You are viewing a plain text version of this content. The canonical link for it is here.
Posted to notifications@superset.apache.org by GitBox <gi...@apache.org> on 2018/06/11 17:51:44 UTC

[GitHub] mistercrunch commented on a change in pull request #4726: [bugfix] convert metrics to numeric in dataframe

mistercrunch commented on a change in pull request #4726: [bugfix] convert metrics to numeric in dataframe
URL: https://github.com/apache/incubator-superset/pull/4726#discussion_r194490570
 
 

 ##########
 File path: superset/viz.py
 ##########
 @@ -170,11 +170,21 @@ def get_df(self, query_obj=None):
                 if self.datasource.offset:
                     df[DTTM_ALIAS] += timedelta(hours=self.datasource.offset)
                 df[DTTM_ALIAS] += self.time_shift
+
+            self.df_metrics_to_num(df, query_obj.get('metrics') or [])
+
             df.replace([np.inf, -np.inf], np.nan)
             fillna = self.get_fillna_for_columns(df.columns)
             df = df.fillna(fillna)
         return df
 
+    @staticmethod
+    def df_metrics_to_num(df, metrics):
+        """Converting metrics to numeric when pandas.read_sql cannot"""
+        for col, dtype in df.dtypes.items():
+            if dtype.type == np.object_ and col in metrics:
+                df[col] = pd.to_numeric(df[col])
 
 Review comment:
   We should really clarify what a metric is or isn't.
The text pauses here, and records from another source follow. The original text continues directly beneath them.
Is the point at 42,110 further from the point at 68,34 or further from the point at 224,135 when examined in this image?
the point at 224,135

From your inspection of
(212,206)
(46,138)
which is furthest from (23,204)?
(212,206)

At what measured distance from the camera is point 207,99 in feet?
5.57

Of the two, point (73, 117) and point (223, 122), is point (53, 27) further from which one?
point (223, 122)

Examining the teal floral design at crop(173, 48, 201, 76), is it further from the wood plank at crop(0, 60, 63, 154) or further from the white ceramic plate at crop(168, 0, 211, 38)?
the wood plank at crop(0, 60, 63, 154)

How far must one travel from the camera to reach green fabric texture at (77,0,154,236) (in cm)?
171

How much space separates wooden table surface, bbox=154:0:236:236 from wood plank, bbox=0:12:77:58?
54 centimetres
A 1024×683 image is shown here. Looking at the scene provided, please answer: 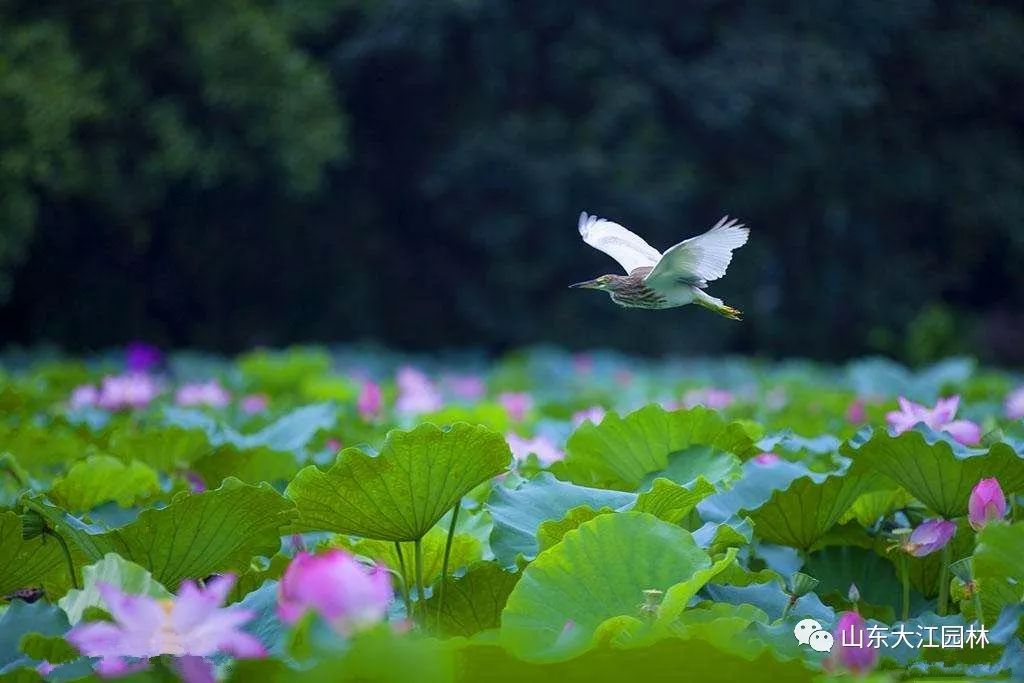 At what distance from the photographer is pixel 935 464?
4.63 feet

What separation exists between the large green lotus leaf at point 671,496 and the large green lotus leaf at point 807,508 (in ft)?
0.55

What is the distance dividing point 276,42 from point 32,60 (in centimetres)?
264

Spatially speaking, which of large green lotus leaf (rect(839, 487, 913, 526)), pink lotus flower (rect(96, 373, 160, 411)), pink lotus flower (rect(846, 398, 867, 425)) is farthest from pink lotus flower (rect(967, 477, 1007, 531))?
pink lotus flower (rect(96, 373, 160, 411))

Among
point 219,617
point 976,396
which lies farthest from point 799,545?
point 976,396

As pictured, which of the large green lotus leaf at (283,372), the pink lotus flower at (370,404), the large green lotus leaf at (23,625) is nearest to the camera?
the large green lotus leaf at (23,625)

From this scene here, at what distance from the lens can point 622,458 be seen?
5.44ft

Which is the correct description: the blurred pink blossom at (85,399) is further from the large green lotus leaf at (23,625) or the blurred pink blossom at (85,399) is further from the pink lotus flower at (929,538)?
the pink lotus flower at (929,538)

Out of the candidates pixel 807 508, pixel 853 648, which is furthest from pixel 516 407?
pixel 853 648

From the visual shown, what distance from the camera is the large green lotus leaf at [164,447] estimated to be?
2.11m

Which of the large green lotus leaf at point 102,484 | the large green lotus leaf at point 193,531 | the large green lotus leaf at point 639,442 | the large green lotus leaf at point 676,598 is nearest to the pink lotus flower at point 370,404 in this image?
the large green lotus leaf at point 102,484

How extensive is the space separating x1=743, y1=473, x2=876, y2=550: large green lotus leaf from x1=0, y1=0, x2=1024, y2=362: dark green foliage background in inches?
424

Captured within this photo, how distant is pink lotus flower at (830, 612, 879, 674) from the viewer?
922 mm

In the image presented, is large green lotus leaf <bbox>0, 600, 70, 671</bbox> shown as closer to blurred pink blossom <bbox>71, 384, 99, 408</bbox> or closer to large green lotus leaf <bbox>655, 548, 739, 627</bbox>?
large green lotus leaf <bbox>655, 548, 739, 627</bbox>

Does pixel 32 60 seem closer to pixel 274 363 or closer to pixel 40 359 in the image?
pixel 40 359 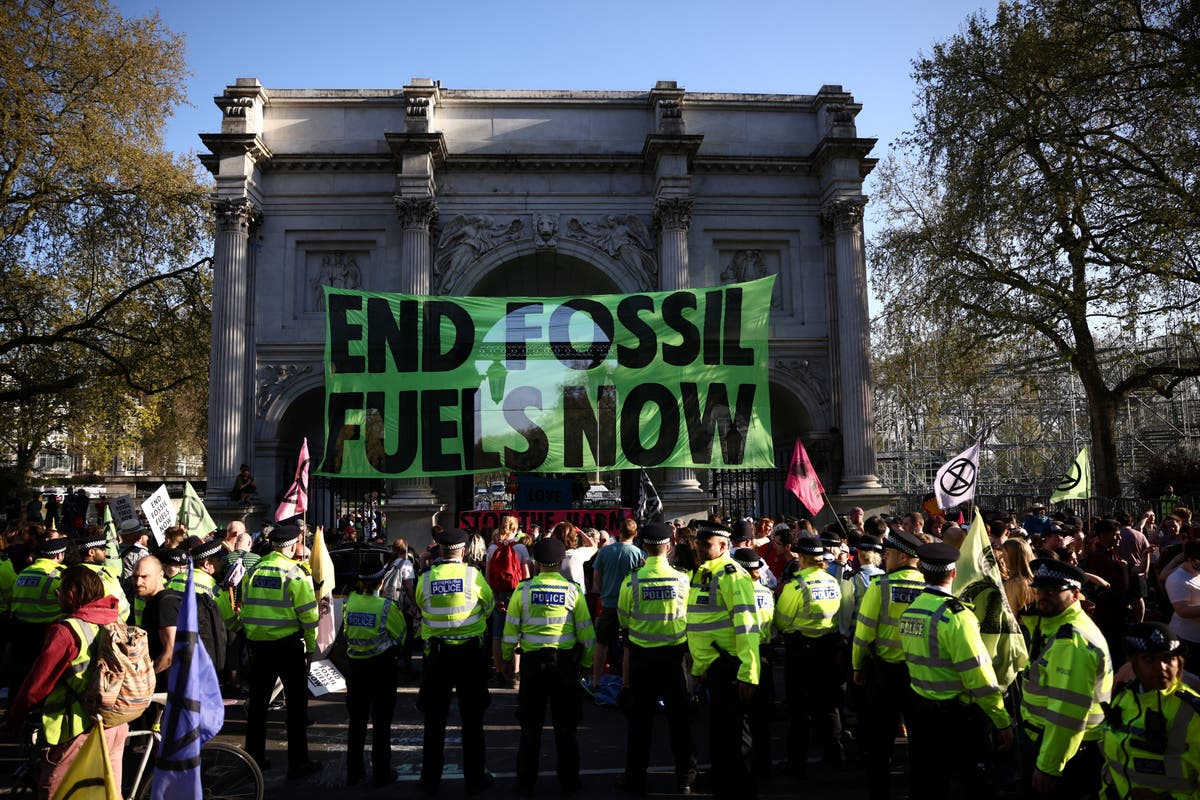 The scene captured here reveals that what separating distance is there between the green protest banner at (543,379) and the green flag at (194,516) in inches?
113

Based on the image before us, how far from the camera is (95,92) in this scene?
2638 cm

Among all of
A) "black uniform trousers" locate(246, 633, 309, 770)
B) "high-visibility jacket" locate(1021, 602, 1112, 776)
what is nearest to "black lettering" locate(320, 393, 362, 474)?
"black uniform trousers" locate(246, 633, 309, 770)

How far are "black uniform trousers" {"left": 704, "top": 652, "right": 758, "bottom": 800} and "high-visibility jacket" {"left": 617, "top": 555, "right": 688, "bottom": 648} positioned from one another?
0.54m

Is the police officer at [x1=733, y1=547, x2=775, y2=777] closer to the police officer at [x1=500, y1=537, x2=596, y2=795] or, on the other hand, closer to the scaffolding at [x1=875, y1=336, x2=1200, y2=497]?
the police officer at [x1=500, y1=537, x2=596, y2=795]

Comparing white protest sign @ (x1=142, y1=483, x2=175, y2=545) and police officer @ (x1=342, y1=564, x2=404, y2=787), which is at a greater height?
white protest sign @ (x1=142, y1=483, x2=175, y2=545)

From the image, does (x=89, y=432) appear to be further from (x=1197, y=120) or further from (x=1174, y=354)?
(x=1174, y=354)

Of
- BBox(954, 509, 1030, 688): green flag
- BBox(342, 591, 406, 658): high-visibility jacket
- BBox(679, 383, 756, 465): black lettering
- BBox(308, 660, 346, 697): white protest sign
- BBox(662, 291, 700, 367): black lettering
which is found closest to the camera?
BBox(954, 509, 1030, 688): green flag

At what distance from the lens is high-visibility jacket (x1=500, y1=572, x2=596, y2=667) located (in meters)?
7.30

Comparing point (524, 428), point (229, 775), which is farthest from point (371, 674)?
point (524, 428)

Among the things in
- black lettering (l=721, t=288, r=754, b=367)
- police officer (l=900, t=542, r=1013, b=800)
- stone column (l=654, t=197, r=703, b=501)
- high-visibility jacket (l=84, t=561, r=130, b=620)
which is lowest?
police officer (l=900, t=542, r=1013, b=800)

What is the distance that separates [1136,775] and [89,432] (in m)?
33.1

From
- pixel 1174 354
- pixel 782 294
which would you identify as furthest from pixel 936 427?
pixel 782 294

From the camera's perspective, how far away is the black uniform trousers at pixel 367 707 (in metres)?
7.58

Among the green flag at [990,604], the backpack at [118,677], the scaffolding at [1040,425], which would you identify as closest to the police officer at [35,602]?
the backpack at [118,677] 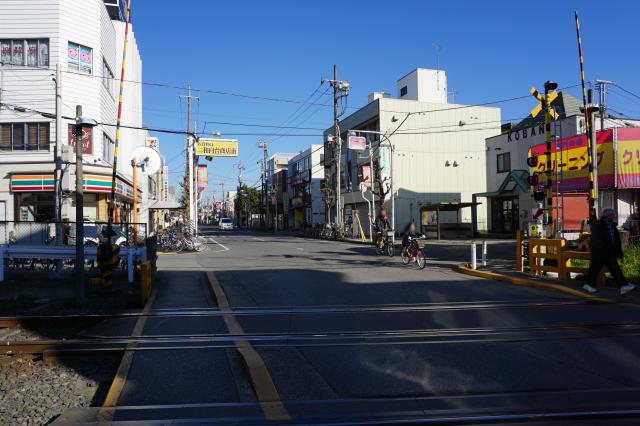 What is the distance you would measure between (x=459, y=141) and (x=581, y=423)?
4069cm

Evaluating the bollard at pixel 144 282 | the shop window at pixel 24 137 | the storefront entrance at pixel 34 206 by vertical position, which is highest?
the shop window at pixel 24 137

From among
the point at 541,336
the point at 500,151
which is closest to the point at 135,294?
the point at 541,336

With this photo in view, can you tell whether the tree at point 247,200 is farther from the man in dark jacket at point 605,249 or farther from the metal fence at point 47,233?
the man in dark jacket at point 605,249

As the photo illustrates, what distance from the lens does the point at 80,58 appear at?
24.1 m

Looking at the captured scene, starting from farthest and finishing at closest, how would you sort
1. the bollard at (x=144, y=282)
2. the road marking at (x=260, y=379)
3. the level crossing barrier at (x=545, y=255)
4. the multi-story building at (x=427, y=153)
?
the multi-story building at (x=427, y=153)
the level crossing barrier at (x=545, y=255)
the bollard at (x=144, y=282)
the road marking at (x=260, y=379)

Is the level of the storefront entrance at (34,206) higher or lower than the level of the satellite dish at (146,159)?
lower

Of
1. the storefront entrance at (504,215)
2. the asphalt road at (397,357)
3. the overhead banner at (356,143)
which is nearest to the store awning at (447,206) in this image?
the storefront entrance at (504,215)

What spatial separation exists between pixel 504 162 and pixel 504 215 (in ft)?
11.9

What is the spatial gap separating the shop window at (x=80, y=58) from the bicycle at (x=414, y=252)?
17496mm

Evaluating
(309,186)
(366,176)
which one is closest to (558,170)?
(366,176)

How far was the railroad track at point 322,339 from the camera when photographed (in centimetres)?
664

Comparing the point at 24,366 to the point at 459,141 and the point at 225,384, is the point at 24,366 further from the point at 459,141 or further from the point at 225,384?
the point at 459,141

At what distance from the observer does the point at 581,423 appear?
4.09 m

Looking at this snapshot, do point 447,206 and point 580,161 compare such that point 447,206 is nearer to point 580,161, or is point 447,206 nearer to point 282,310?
point 580,161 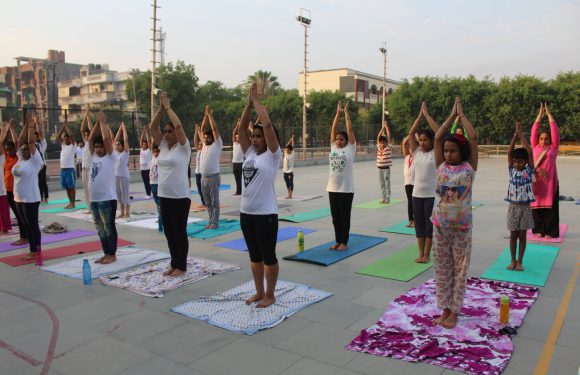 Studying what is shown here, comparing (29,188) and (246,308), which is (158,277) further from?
(29,188)

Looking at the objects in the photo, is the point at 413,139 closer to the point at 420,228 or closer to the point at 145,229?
the point at 420,228

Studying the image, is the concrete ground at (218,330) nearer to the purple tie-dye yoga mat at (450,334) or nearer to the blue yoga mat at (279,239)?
the purple tie-dye yoga mat at (450,334)

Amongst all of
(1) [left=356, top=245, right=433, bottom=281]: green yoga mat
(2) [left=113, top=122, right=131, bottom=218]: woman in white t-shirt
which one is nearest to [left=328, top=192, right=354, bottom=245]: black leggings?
(1) [left=356, top=245, right=433, bottom=281]: green yoga mat

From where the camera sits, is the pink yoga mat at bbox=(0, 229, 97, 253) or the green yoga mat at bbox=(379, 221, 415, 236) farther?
the green yoga mat at bbox=(379, 221, 415, 236)

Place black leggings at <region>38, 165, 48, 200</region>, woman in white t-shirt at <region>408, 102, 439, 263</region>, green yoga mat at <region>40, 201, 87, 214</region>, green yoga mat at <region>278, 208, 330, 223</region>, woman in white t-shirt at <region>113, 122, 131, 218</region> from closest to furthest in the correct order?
woman in white t-shirt at <region>408, 102, 439, 263</region>
woman in white t-shirt at <region>113, 122, 131, 218</region>
green yoga mat at <region>278, 208, 330, 223</region>
green yoga mat at <region>40, 201, 87, 214</region>
black leggings at <region>38, 165, 48, 200</region>

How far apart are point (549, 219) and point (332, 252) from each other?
3.86 m

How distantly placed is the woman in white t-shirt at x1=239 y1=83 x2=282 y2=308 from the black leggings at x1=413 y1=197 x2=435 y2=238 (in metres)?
2.54

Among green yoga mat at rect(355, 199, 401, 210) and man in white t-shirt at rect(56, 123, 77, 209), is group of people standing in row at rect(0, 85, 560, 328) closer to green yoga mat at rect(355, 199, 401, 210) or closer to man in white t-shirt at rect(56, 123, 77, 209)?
man in white t-shirt at rect(56, 123, 77, 209)

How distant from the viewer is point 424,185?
20.8ft

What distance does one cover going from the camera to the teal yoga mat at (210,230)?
28.2ft

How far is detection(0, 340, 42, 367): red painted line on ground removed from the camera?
12.5 ft

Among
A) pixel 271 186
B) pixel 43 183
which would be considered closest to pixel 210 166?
pixel 271 186

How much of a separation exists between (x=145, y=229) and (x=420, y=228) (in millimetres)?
5553

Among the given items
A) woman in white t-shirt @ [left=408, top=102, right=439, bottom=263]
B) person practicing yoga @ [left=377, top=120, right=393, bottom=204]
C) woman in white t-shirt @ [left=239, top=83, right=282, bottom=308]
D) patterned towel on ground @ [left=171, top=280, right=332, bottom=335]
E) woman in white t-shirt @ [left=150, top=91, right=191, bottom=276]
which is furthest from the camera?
person practicing yoga @ [left=377, top=120, right=393, bottom=204] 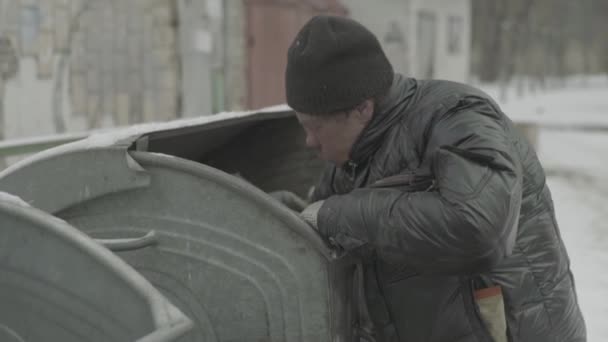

My understanding it that metrics are numeric, but I can see how it may not have been enforced in the past, and that in some places it would be interpreted as [only] being the result of an aggregate function that may or may not be numerical (say `MAX(my_string)` in the context of a Table viz would just happen to work somehow in the past).
   
   To be clear, the current conceptual model is dimensions are columns or non-aggregate-SQL-expressions, and metrics are always aggregate expressions and numeric. A more complete (but complex) model would be to have columns, sql-expression, and aggregate expressions, and each one may or may not be a metric and/or dimension. This model would require a fair amount of foundational redesign.
   
   How common is this? My incline would be to handle non-numeric aggregate functions outside of the semantic layer, meaning in a SQL Lab subquery or upstream data pipeline.
   
   Note that we could patch something to preserve backward compatibility here. Something like `BaseViz.enforce_numeric_metrics = True` that would be set to `False` for Table viz, and run the code referenced above conditionally.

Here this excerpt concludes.